This is a new topic relevant to reasoning about how efficient

your recursive functions are in ML and in other functional languages.

At this point we've written a lot of recursive functions and so hopefully you're

convinced that writing a recursive function is no more difficult than writing a loop.

In fact, I've never shown you a loop.

I could even pretend that I don't even know what a loop is.

I would even argue that recursion while never

harder than a loop is often easier than a loop.

Whenever you're processing a tree,

like when you're evaluating an arithmetic expression you really want recursion.

Examples like appending two lists together became much easier when we just thought

recursively and basically these recursive functions

avoid any need for mutation even of local variables.

If you have something like a four loop you always end up incrementing

that index I and we're really trying to stay away from mutable variables.

But what we haven't talked about yet is whether recursion is

efficient or in what situations does it lead to fast code?

A lot of times people think recursion is inefficient.

That's not necessarily the case and even when it is the case it often doesn't matter.

But what we're going to do is see the importance of

this idea called tail recursion and then in

subsequent segments see how to use

common idioms in order to get tail recursion using things like an accumulator.

So just to be clear, I'm not showing you any new language features here.

Just new programming idioms and new ways to reason about

the efficiency of code that we've already been writing.

To understand recursion and tail recursion I have to tell you a little bit about

how function calls are implemented and all you have to

understand is the high level idea of a call stack.

When a program runs there is a call stack

of all the functions that you have called and that aren't done yet.

When you call a function F,

what that does is it pushes onto the stack some instance,

some thing that is going to stay on that stack

until the call to F finishes and when the call to F finishes,

we will pop it from the stack.

So, at any given time the stack contains all the calls that have

started and not finished and there can be lots of

them because one function calls another one.

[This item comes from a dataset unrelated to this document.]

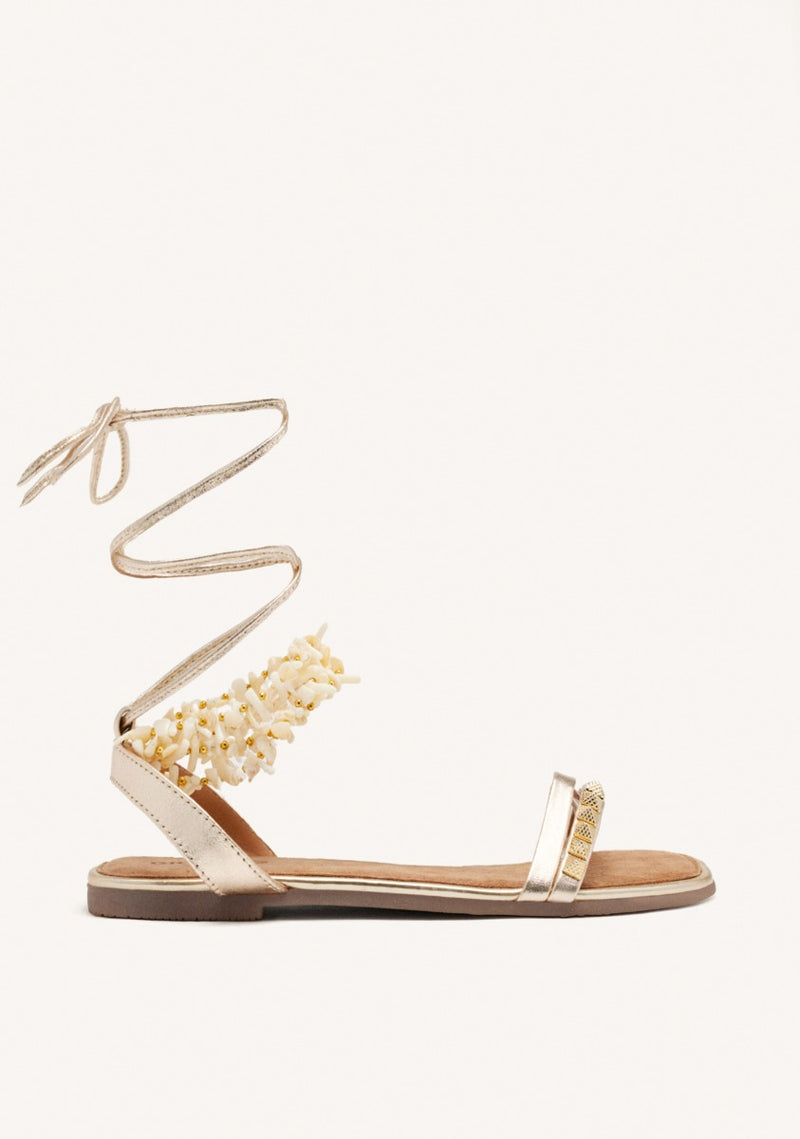 SANDALIAS PIEL TACHAS Y ABALORIOS PHOEBE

What's in these stack things which I'll call stack frames?

Will they store information like what are the local variables

bound to and they store information like what work is

left for this function to do after

any function that it called is done with its evaluation.

Now notice that if we have a recursive function where

F calls F which calls F which calls F. We're

going to have multiple stack frames on our stack that are all for the same piece of code,

the function F. That makes perfect sense and it's what recursion is really about.

So let's see an example.

Suppose I have a factorial function here, so it just computes.

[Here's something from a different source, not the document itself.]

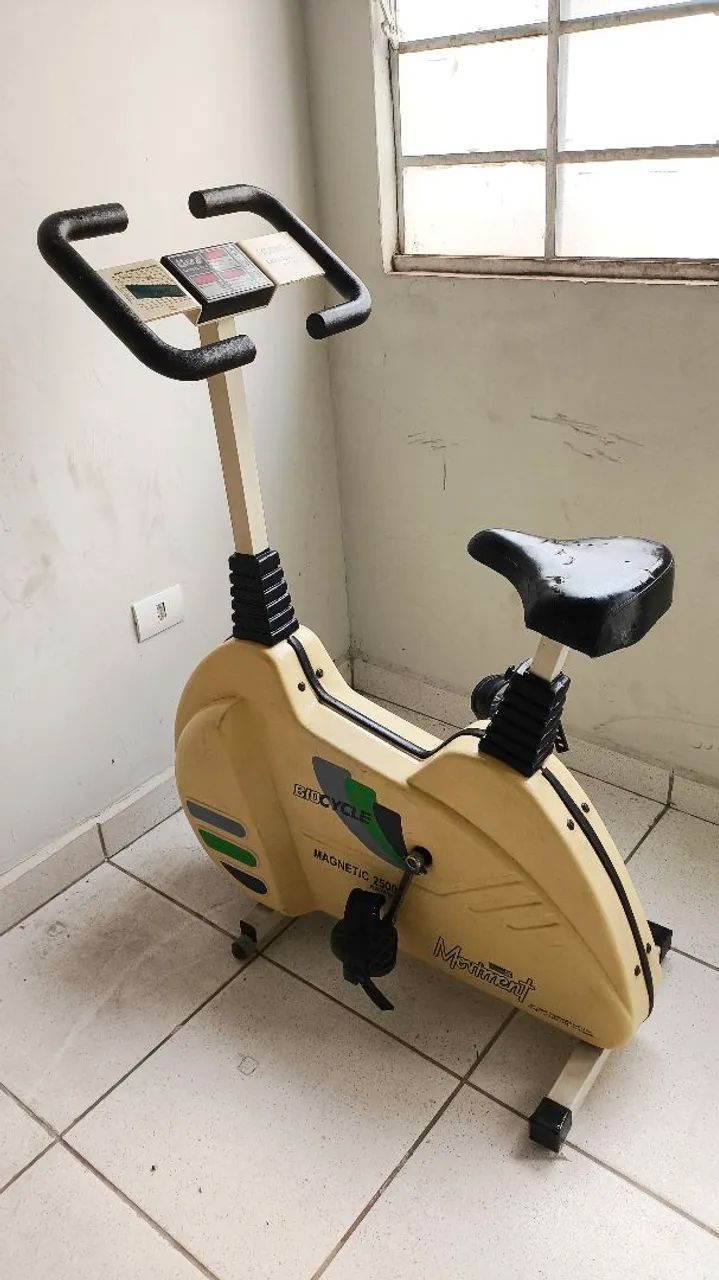 Bicicleta Ergométrica Movement Biocycle Magnetic 2500 - Funcionando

If you pass it N it returns N times N minus one times N minus two down to one.

It only works correctly for non-negative numbers.

Suppose I call fact with threes.

I'll eventually get the answer six back,

three times two times one.

My first call is here on this single element stack you see I'm calling fact with three.

Then when I call fact with three it ends up calling fact with two three minus one and

so I'm going to represent that by adding to

my stack that there is now a call of fact two.

What fact three is remembering to do in its stack frame is when it gets

its result back it's going to multiply it by three and then that will be its answer.

So, three times whatever I get back from the call to fact two.

Similarly fact two is going to call fact one,

so now I have a bigger stack where fact two is waiting to get the results of

the call and multiply it by two and even fact one ends up calling fact zero.

At this point I have a stack with four elements on

it but then when I call fact with zero,

it evaluates the f expression and returns one.

There's no additional call put on the stack.

It ends up saying, "All right,

I'm going to return one" and when you return you pop that off your call stack.

So now we have a smaller stack and now fact one has it's recursive result it needs.

It multiplies one by one,

gets one and now we pop it off,

get two by one.

We now pop off the recursive call of fact with argument two,

with fact of three and then fact of three would eventually return six.

Alright. This is how call stacks work.

This is exactly what I would expect to happen when we evaluate fact.

Now here is a second version of factorial that is more complicated.

I'm going to show you in a minute that it's actually more

efficient but we can't see that yet.

Let's first understand how this version of factorial works.

What it does is all it does is it calls a helper function locally

defined although that's not important that I've called aux for auxiliary,

for helper function and this helper function takes in

a number but also acc which is short for accumulator.

What it does is it says,

if N equals zero then just return whatever is an accumulator,

otherwise call aux with N minus one and go ahead and multiply the accumulator by N.

And I'm going to show you that this will actually compute factorial correctly.

Instead of our simple recursive function,

what we're doing now is we're multiplying into this second argument accumulator as we go.

So when N is zero we just end up returning accumulator.

So this is still recursive, aux is recursive.

It's more complicated but when aux calls aux,

the result of the recursive call is the result for the caller.

There is no extra work to do.

When I got back here...

In the first version of factorial

after the recursive call the caller had more work to do.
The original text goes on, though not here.